Ou bien on attribue au monde lui-même une puissance naturelle, analogue à une faculté agissant d'après des fins : cette puissance, c'est la vie de la matière, soit qu'on la rapporte à la matière elle-mêmes soit qu'on la fasse dériver d'un principe intérieur vivant d'une âme du monde. On reconnaît là la doctrine des stoïciens. Kant désigne cette espèce de système en général sous le nom d'hylozoïsme

Ou bien enfin, pour expliquer la finalité de la nature, on remonte au delà de la nature, jusqu'à une cause première du monde, à laquelle on attribue l'intelligence et la volonté, et c'est le théisme

Dans le premier cas, le réalisme de la finalité de la nature est physique; dans le second, il est hyperphysique. Ainsi une matière inanimée (épicurisme), ou un dieu inanimé (spinozisme); une matière vivante (hylozoïsme), ou un dieu vivant (théisme) telles sont les quatre grandes solutions dogmatiques auxquelles est arrivée la philosophie sur le problème de la finalité de la nature. 

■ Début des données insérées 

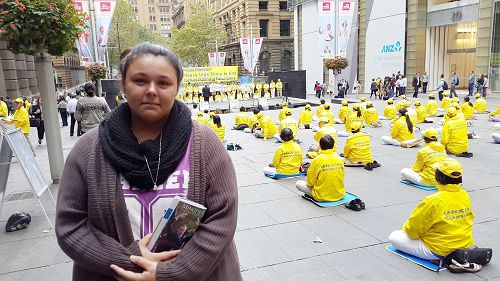 大学学生珊漾(Shanaye March)在一旁听集会发言并落泪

Aucune d'elles selon Kant, ne saurait être démontrée. D'abord ni l'épicurisme ni le spinozisme, qui nient la possibilité d'une finalité de la nature, ne peuvent rendre compte de nos jugements téléologiques. Les systèmes qui accordent de la réalité aux causes finales sont-ils plus satisfaisants? Attribuer la vie à la matière implique contradiction, puisque l'inertie en est le caractère essentiel. D'un autre côté, supposer une âme du monde, comme les stoïciens, et faire de la nature une sorte d'animal, est une hypothèse dénuée de fondement; car, d'une part nous ne saurions la justifier a priori et, d'autre part, comment la confirmer par l'expérience? Comme nous ne pouvons nous faire aucune idée de la vie que par les êtres organisés, nous ne pouvons, sans tourner dans un cercle, invoquer le principe même de la vie pour les expliquer. Enfin, si le théisme a l'avantage d'arracher à l'idéalisme la finalité de la nature, en attribuant un entendement à l'être premier, et en invoquant une causalité intentionnelle pour expliquer cette finalité, il ne saurait prouver sa thèse, car il ne saurait établir que le principe téléologique diffère en réalité du principe mécanique. La distinction que nous établissons entre ces deux principes est, selon Kant, indispensable, comme celle du réel et du possible, du vouloir et du devoir, du contingent et du nécessaire; mais elle est relative à la constitution de notre esprit, et elle disparaît dès qu'on suppose un entendement constitué autrement que le nôtre, comme celui que nous devons attribuer à Dieu. (PL).